### TASK DESCRIPTION
Which lines below contain "Decoration"? Copy every one of them.

=== Section Start ===

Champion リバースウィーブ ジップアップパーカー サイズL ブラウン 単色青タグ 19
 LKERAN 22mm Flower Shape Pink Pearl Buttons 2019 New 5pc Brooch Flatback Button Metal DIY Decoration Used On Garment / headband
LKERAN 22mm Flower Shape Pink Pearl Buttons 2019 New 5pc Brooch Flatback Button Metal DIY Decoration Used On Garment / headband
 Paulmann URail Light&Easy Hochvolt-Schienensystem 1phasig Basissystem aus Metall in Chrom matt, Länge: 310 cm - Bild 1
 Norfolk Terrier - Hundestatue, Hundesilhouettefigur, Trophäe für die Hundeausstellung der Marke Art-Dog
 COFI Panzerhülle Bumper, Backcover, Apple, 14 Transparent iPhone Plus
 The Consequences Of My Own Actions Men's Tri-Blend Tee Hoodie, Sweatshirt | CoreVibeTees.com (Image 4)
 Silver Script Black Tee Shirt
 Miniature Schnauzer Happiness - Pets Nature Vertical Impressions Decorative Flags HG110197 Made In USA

=== Section End ===

### RESPONSE BELOW
 LKERAN 22mm Flower Shape Pink Pearl Buttons 2019 New 5pc Brooch Flatback Button Metal DIY Decoration Used On Garment / headband
LKERAN 22mm Flower Shape Pink Pearl Buttons 2019 New 5pc Brooch Flatback Button Metal DIY Decoration Used On Garment / headband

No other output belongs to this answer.